Memory safety is a property of some programming languages that prevents programmers from introducing certain types of bugs related to how memory is used. Since memory safety bugs are often security issues, memory safe languages are more secure than languages that are not memory safe.

Memory safe languages include Rust, Go, C#, Java, Swift, Python, and JavaScript. Languages that are not memory safe include C, C++, and assembly.

To begin understanding memory safety bugs, we'll consider the example of an application that maintains to do lists for many users. We'll look at a couple of the most common types of memory safety errors that can occur in programs that are not memory safe.

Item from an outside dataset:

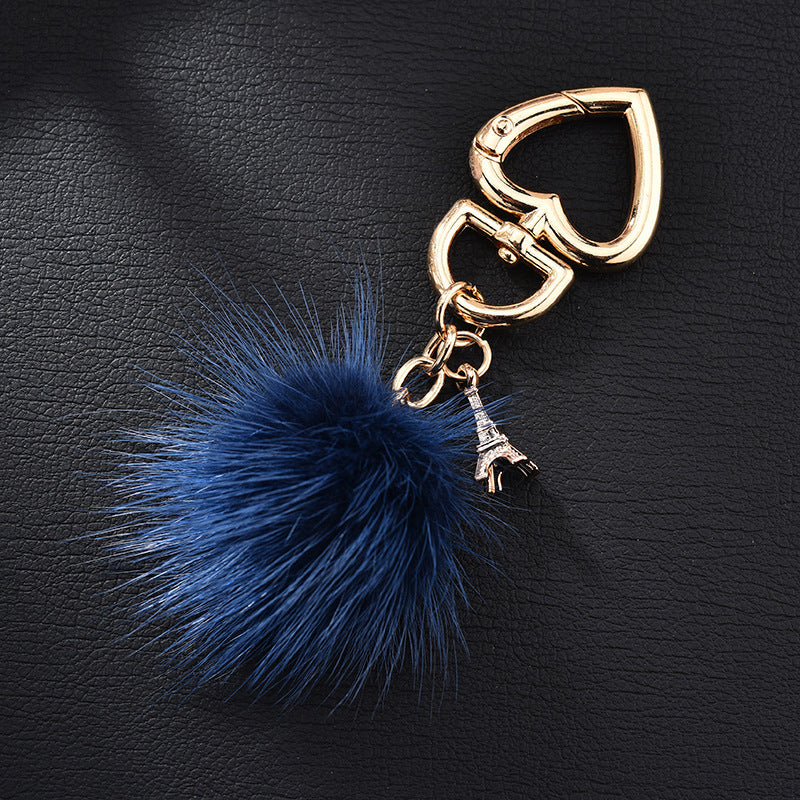 Wholesale mink fur love keychain elegant fur small pendant fur ball alloy love keychain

If we have a to do list with ten items, and we ask for the eleventh item, what should happen? Clearly we should receive an error of some sort. We should also get an error if we ask for the negative first item.

Under these circumstances, a language that is not memory safe may allow a programmer to read whatever memory contents happen to exist before or after the valid contents of the list. This is called an out of bounds read. The memory before the first item of a list might be the last item of someone else's list. The memory after the last item of a list might be the first item of someone else's list. Accessing this memory would be a severe security vulnerability! Programmers can prevent out of bounds reads by diligently checking the index of the item they're asking for against the length of the list, but programmers make mistakes. It's better to use a memory safe language that protects you and your users from the class of bugs by default.